Belvin Perry, the now-retired judge who presided over Casey Anthony's 2011 murder trial, continued to speak out Wednesday about the high-profile case to Florida media. After telling a small Orlando blog that he thought Anthony may have unintentionally killed her 2-year-old daughter, Caylee, with chloroform, he clarified his remarks.

"To me, that was the most logical thing, looking at the totality of the entire situation," Perry told WFTV. "There was never any evidence of abuse of the daughter that was documented that was presented anywhere."

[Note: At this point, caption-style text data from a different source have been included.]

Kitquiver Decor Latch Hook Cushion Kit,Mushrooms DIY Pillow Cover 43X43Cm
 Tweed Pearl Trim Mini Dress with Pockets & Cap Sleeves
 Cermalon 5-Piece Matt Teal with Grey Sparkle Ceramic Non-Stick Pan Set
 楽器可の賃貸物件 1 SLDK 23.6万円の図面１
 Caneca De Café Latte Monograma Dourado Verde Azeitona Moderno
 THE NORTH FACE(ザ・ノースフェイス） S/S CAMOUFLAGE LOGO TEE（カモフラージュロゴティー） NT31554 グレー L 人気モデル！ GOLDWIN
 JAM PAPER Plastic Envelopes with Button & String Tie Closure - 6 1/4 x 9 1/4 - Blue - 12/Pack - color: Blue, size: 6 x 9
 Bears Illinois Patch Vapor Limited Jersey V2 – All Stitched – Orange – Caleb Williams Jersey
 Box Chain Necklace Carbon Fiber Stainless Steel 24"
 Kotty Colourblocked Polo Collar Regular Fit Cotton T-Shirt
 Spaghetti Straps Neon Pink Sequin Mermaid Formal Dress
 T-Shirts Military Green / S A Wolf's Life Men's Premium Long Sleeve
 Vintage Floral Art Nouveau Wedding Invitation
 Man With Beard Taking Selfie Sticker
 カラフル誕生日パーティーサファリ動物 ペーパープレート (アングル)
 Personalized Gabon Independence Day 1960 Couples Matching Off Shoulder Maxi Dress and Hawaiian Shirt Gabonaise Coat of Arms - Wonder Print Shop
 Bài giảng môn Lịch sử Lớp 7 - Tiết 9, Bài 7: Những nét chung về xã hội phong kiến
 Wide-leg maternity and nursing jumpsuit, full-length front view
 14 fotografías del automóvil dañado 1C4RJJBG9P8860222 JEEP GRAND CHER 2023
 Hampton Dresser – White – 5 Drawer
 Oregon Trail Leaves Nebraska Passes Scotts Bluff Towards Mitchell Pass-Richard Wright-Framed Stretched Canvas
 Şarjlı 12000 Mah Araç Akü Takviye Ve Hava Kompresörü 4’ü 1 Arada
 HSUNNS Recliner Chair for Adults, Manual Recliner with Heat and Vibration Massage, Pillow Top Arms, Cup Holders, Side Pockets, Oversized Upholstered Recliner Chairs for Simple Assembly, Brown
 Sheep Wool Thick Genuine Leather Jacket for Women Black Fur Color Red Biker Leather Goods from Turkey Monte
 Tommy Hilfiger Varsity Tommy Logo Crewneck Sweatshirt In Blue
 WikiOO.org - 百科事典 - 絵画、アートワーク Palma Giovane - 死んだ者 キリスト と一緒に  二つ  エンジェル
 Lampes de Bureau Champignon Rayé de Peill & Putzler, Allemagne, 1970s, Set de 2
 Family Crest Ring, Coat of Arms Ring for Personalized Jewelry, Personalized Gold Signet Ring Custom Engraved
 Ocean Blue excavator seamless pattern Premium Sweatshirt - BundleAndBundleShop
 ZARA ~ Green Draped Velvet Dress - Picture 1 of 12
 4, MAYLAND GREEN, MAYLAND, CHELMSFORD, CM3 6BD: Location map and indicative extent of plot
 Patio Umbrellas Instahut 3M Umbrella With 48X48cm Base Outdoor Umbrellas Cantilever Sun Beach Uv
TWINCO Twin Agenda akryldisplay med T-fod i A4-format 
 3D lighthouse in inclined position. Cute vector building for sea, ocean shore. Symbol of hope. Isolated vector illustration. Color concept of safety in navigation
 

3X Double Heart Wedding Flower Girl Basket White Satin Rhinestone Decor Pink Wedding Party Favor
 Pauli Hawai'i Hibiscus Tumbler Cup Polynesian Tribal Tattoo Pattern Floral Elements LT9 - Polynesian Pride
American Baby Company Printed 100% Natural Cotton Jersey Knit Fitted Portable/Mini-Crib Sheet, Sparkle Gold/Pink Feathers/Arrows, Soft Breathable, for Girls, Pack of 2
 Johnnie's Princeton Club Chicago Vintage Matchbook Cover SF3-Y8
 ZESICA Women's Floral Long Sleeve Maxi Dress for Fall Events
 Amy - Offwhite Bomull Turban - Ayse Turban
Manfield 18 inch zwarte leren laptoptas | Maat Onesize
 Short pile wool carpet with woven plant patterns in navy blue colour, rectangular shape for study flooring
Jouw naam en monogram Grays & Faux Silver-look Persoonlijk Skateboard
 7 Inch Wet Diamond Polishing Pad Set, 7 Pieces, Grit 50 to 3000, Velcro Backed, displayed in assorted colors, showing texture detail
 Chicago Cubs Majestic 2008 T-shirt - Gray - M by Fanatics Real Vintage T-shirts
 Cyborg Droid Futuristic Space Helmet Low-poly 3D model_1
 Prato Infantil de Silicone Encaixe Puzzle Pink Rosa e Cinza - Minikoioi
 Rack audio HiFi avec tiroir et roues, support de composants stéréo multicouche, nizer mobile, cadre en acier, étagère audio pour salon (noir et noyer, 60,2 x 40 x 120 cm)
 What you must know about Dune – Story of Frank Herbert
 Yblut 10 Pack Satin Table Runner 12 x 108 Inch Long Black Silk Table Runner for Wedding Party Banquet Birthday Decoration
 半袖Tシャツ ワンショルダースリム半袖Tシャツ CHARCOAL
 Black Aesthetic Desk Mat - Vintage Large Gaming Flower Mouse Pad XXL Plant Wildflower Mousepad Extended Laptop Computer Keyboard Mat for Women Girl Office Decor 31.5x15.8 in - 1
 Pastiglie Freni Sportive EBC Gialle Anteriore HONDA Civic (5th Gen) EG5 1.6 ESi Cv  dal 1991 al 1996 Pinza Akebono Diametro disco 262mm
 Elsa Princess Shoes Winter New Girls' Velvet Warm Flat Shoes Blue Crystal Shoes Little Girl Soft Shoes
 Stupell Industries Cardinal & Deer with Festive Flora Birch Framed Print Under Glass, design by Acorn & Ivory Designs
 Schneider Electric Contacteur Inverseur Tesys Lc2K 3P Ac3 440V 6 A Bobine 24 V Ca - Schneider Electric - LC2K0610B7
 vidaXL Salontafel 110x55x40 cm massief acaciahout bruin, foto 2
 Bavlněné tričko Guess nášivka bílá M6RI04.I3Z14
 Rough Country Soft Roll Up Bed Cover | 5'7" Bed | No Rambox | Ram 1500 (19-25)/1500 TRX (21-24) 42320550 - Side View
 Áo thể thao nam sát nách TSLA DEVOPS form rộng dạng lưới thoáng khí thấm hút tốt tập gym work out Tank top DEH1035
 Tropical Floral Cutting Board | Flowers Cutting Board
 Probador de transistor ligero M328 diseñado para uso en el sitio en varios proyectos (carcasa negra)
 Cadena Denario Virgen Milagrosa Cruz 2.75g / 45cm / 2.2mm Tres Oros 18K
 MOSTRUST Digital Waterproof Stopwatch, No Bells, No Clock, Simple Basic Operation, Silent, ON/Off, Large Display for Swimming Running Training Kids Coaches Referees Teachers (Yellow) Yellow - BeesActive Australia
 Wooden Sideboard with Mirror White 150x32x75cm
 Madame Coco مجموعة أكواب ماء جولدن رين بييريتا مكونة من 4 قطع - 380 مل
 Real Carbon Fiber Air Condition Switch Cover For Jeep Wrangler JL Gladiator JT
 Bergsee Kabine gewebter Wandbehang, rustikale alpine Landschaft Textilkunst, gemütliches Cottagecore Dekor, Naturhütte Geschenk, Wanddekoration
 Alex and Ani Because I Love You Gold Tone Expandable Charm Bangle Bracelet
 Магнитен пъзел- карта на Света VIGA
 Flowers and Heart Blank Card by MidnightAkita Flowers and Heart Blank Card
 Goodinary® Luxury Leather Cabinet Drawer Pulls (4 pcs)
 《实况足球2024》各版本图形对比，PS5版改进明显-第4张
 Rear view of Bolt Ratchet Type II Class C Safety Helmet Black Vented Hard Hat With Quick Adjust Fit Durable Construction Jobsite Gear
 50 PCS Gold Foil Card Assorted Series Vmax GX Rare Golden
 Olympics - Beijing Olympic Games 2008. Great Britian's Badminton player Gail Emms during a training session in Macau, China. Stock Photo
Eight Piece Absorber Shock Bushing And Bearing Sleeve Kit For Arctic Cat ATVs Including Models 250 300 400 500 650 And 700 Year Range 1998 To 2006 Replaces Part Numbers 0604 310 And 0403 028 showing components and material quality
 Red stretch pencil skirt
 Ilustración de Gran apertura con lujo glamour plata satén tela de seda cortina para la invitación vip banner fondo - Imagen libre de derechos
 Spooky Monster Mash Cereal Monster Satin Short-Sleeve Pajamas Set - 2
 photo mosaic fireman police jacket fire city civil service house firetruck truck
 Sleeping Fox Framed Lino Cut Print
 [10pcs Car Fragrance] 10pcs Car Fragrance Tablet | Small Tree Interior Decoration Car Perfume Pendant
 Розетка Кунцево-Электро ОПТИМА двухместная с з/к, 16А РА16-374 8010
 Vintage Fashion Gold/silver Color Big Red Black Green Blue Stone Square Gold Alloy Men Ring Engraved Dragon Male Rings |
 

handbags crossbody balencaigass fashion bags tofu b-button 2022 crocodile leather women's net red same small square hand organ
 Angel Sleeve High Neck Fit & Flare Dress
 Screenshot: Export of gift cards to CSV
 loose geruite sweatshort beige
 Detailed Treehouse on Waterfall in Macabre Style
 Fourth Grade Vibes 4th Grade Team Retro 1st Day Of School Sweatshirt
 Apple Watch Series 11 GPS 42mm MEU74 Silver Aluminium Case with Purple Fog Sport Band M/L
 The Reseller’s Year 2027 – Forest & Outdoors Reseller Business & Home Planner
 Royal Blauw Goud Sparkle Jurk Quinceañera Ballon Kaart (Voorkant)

Anthony's mother reported Caylee missing in the summer of 2008 after not seeing the toddler for weeks, telling the 911 dispatcher that she found her daughter's abandoned car "and it smelled like there's been a dead body" in it — a statement she later retracted, according to ABC News. Anthony was arrested and eventually named a suspect despite her insistence that a babysitter had taken the baby. Caylee's remains were found near the Anthonys' house that winter.

Anthony maintained her innocence throughout her 2011 trial, after which a jury decided she was not guilty of killing her daughter. She was convicted for lying to police and was released just after the proceedings ended.

Perry, who was the judge for the infamous trial but now works for Morgan & Morgan in central Florida, told the Orlando Sentinel there are several theories about Caylee's death in 2008. And indeed there are: According to psychiatrist Jeffery Danziger's deposition, Anthony told him she believed her father had sexually abused the toddler and drowned her as a cover-up. Prosecutors, meanwhile, argued Anthony suffocated her daughter with duct tape.

Perry told the Orlando Sentinel and other publications Wednesday he thought Anthony may have been trying to quiet Caylee with chloroform but accidentally gave her a fatal amount. But he emphasized that his statements were simply hypotheses.

"As I’ve expressed, the only person that really knows what happened was Casey," Perry added.